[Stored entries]
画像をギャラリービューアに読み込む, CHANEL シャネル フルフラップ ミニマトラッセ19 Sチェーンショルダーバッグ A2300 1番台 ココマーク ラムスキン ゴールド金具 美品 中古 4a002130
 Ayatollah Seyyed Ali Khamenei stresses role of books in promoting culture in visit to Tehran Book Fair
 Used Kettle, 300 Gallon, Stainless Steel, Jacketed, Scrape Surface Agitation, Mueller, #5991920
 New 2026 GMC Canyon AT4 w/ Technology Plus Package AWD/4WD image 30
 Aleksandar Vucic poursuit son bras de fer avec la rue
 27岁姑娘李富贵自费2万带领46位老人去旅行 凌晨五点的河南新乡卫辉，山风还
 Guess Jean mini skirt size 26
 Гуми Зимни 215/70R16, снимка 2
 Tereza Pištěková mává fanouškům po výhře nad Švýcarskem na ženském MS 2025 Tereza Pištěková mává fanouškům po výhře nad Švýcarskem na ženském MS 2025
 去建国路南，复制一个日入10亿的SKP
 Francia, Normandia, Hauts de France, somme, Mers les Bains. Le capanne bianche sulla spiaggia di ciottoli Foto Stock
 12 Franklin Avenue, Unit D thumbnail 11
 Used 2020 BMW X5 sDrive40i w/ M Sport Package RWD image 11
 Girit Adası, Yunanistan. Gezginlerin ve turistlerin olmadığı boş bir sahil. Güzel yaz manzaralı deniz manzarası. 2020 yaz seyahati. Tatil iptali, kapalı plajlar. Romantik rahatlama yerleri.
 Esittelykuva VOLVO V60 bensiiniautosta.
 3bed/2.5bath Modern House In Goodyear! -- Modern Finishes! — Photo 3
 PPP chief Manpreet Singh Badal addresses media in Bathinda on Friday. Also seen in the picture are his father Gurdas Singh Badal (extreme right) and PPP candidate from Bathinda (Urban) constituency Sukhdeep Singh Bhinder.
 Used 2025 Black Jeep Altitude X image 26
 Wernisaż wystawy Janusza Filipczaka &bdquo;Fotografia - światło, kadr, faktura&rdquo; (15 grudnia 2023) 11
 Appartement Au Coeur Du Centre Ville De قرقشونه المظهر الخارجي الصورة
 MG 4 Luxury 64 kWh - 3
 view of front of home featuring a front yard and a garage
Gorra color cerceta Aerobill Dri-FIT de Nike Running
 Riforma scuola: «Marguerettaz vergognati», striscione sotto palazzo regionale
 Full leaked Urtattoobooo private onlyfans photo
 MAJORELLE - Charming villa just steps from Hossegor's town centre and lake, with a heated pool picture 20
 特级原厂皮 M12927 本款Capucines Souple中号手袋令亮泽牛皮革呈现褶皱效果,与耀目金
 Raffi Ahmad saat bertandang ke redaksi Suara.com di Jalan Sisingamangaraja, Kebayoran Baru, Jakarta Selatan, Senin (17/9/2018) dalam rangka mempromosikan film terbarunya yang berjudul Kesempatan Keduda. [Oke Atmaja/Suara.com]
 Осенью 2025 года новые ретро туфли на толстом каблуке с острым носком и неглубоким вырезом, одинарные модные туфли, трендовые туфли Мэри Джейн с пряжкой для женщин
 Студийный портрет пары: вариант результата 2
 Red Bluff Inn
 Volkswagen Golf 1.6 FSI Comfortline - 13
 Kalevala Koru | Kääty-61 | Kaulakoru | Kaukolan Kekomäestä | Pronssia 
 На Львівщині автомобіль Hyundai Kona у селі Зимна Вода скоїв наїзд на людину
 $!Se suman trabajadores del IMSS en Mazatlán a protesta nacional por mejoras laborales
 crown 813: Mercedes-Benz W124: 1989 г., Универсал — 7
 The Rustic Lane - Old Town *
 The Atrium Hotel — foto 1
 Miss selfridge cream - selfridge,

### WHAT IS EXPECTED
From the records above, print only the lines between the one holding "Aleksandar Vucic poursuit" and the one holding "Used 2025 Black Jeep Altitude X image 26", inclusive, exactly as they stand.

### TASK RESULT
 Aleksandar Vucic poursuit son bras de fer avec la rue
 27岁姑娘李富贵自费2万带领46位老人去旅行 凌晨五点的河南新乡卫辉，山风还
 Guess Jean mini skirt size 26
 Гуми Зимни 215/70R16, снимка 2
 Tereza Pištěková mává fanouškům po výhře nad Švýcarskem na ženském MS 2025 Tereza Pištěková mává fanouškům po výhře nad Švýcarskem na ženském MS 2025
 去建国路南，复制一个日入10亿的SKP
 Francia, Normandia, Hauts de France, somme, Mers les Bains. Le capanne bianche sulla spiaggia di ciottoli Foto Stock
 12 Franklin Avenue, Unit D thumbnail 11
 Used 2020 BMW X5 sDrive40i w/ M Sport Package RWD image 11
 Girit Adası, Yunanistan. Gezginlerin ve turistlerin olmadığı boş bir sahil. Güzel yaz manzaralı deniz manzarası. 2020 yaz seyahati. Tatil iptali, kapalı plajlar. Romantik rahatlama yerleri.
 Esittelykuva VOLVO V60 bensiiniautosta.
 3bed/2.5bath Modern House In Goodyear! -- Modern Finishes! — Photo 3
 PPP chief Manpreet Singh Badal addresses media in Bathinda on Friday. Also seen in the picture are his father Gurdas Singh Badal (extreme right) and PPP candidate from Bathinda (Urban) constituency Sukhdeep Singh Bhinder.
 Used 2025 Black Jeep Altitude X image 26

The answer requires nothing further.